# Do Goldens Kiss/Lick people a lot?



## Debles

It depends on the golden and the owner /how they train.

My goldens lick if I let them! They especially love lotion! It's up to you as the parent to teach them what is OK or not.


----------



## jwemt81

Tucker goes insane trying to lick me after putting lotion on or getting out of the shower!


----------



## Kohanagold

Paige is my kisser. She loves to give kisses. 

Sydney is more of a hugger. Rarely kisses, but lots and lots of hugs


----------



## indysmum

Indy will lick your hand especially if you have put lotion on


----------



## jwemt81

I wonder what it is about lotion. Tucker loves it!


----------



## Debles

I don't understand your poll. 
You mean you want a dog who doesn't lick? Well some goldens do and some don't. 
Some people train their golden that licking is not OK and some people don't care.


----------



## Debles

My grandgolden LOVES my perfume and ALWAYS is trying to lick my neck!!! He's a vampire! My daughter says he just loves me so much.HA!


----------



## MyCodyBoy

Cody isn't a major licker. 
But we have tough him to "kiss" and he will always kiss on command, lol
its a great distraction from nipping our small kids.
and I was able to teach him this at 8 weeks of age, he is so smart!


----------



## Adriennelane

Lucy's a kisser. If you ask for a kiss, you'll get one.


----------



## vrocco1

Jesse is a hugger and a licker. He loves to lick your ears, and sometimes it is hard to stop him.  
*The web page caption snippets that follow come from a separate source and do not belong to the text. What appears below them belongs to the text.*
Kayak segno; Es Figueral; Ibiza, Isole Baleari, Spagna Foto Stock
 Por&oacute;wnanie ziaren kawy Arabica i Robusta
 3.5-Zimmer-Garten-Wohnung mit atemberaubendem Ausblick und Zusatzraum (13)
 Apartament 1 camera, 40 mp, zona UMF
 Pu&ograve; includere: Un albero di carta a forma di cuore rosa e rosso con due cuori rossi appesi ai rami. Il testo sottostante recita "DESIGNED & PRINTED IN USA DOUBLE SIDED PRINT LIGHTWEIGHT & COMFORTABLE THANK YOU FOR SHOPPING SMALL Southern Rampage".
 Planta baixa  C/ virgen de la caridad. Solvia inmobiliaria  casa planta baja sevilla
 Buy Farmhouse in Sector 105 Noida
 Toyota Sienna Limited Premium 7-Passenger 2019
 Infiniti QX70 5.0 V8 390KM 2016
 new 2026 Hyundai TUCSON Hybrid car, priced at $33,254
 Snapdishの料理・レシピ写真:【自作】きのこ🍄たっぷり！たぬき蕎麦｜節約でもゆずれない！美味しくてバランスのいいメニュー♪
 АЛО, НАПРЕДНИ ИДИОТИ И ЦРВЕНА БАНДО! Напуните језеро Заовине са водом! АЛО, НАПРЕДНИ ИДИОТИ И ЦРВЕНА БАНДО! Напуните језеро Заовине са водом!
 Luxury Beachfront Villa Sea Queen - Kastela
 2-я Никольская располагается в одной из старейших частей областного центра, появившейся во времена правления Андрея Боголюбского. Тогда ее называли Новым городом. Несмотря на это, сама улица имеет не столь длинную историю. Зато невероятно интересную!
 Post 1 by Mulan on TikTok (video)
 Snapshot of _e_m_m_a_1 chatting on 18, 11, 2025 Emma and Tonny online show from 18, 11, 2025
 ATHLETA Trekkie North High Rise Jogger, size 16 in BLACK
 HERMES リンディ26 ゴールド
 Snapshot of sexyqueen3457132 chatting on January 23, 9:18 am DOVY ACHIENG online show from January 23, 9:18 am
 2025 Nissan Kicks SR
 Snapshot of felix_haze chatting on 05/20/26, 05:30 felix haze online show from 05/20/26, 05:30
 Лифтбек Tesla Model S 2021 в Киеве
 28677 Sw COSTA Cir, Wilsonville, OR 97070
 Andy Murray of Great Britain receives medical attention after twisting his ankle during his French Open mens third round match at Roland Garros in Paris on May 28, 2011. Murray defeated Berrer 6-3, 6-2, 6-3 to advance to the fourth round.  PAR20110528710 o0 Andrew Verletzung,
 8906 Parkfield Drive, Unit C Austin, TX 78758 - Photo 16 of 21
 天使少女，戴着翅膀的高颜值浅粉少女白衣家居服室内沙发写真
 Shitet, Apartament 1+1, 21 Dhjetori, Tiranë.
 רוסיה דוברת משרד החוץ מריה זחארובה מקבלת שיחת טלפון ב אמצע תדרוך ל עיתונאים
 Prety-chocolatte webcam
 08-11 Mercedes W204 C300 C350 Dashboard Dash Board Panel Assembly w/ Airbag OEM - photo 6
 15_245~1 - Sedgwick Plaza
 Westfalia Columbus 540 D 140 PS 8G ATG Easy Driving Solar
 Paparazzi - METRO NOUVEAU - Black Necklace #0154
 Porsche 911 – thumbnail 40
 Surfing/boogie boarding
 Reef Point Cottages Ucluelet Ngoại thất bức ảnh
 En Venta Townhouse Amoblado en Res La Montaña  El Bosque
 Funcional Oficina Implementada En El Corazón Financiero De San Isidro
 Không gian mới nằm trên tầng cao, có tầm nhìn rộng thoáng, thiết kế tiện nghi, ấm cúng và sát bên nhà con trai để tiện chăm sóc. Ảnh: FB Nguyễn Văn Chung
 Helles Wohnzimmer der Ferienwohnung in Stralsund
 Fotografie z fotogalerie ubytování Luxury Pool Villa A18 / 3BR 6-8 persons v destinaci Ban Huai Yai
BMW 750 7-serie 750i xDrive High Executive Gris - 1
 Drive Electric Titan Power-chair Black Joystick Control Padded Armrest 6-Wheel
Quizzy could care less about licking, but he loves to hug.


----------



## LOVEisGOLDEN

we are working with Blush to stop her licking. she loves it & also is a hugger. we say Layla has a "ninja tongue" as she will jump up (won't touch you with her feet) and kiss you on the cheek. she doesn't lick, just a quick touch...


----------



## HovawartMom

My dogs don't like much cos not crazy about it!.


----------



## diana_D

Emma only kisses on request if strangers are involved, she would never jump on people. She suffers if she is ignored but she never approaches a person if ignored, she has her manners! Goldens behave the way you train them, really. Of course she is more than happy to show her love if invited! 
We, on the other hand are melted when she kisses or licks us, she is such a cuddly baby. She also kisses on command.


----------



## Bock

Tysen will lick fingers and stuff but will only lick your face if he is really excited and then it's usually one lick and done.


----------



## ckj05

Jack never licks..cali on the other hand will lick you to death! lol So it depends on your golden, they all are different and have different personalities


----------



## Joanne & Asia

Asia rarely licks. She will put her nose up for me to kiss her and loves to hug.


----------



## tannernoodle

tucker is a kisser big time! He'll get in my bed and put his head on my chest and when I stop petting him he'll flip his lip out on my mouth like, PAY ATTENTION MOM! Ugh! He likes to slide them in when I'm petting him anytime. If you're face is in range, he'll flip up and get you every time.


----------



## Kirby'sMom

Kirby only kisses when we ask him. He loves giving hugs, though. But, he's foot licker!! He loves it when we take our socks off and let him lick our toes. It really feels good!! My first golden, Sandy, did that, too, and I really missed that when we had our Malamute because she'd never lick my feet. Even when I'd stick them right in her face!! :no:


----------



## Maggies mom

Cruiser is a hugger, Hootie isnt either, he just loves to lay on your lap, Maggie is a kisser, and Abbie aka Tricky Licky Lou is ocd with licking and she hugs.


----------



## Phillyfisher

Tucker is not much of a kisser. It disappoints me, but it makes the ones he does give me more special.


----------



## Scubasteve198

Goldens, quickly learn what you believe is exceptable. My goldens treat people differently according to thier experiences. Adult don't get licked much unless allowed, but toddlers get licked a lot.


----------



## Champ

My golden licks me here and there, but my pug licks OBSESSIVELY.


----------



## cham

Mitchell is a major kissing bug, but it takes lotion for Hailey to kiss, and it doesn't matter what lotion it is either. Very strange... but cute...  So I don't know how to answer the poll. I have one of each!


----------



## chopsuey

ince ive been at school i come home 2-3 times a month.... the past few months when ever i come home marley will jump up on me... paws on the shoulders and lick my face


----------



## Lucky's mom

Lucky only licks me to get my attention. Its a bribe for a chest or back scratch (I lick you...you scratch me....). 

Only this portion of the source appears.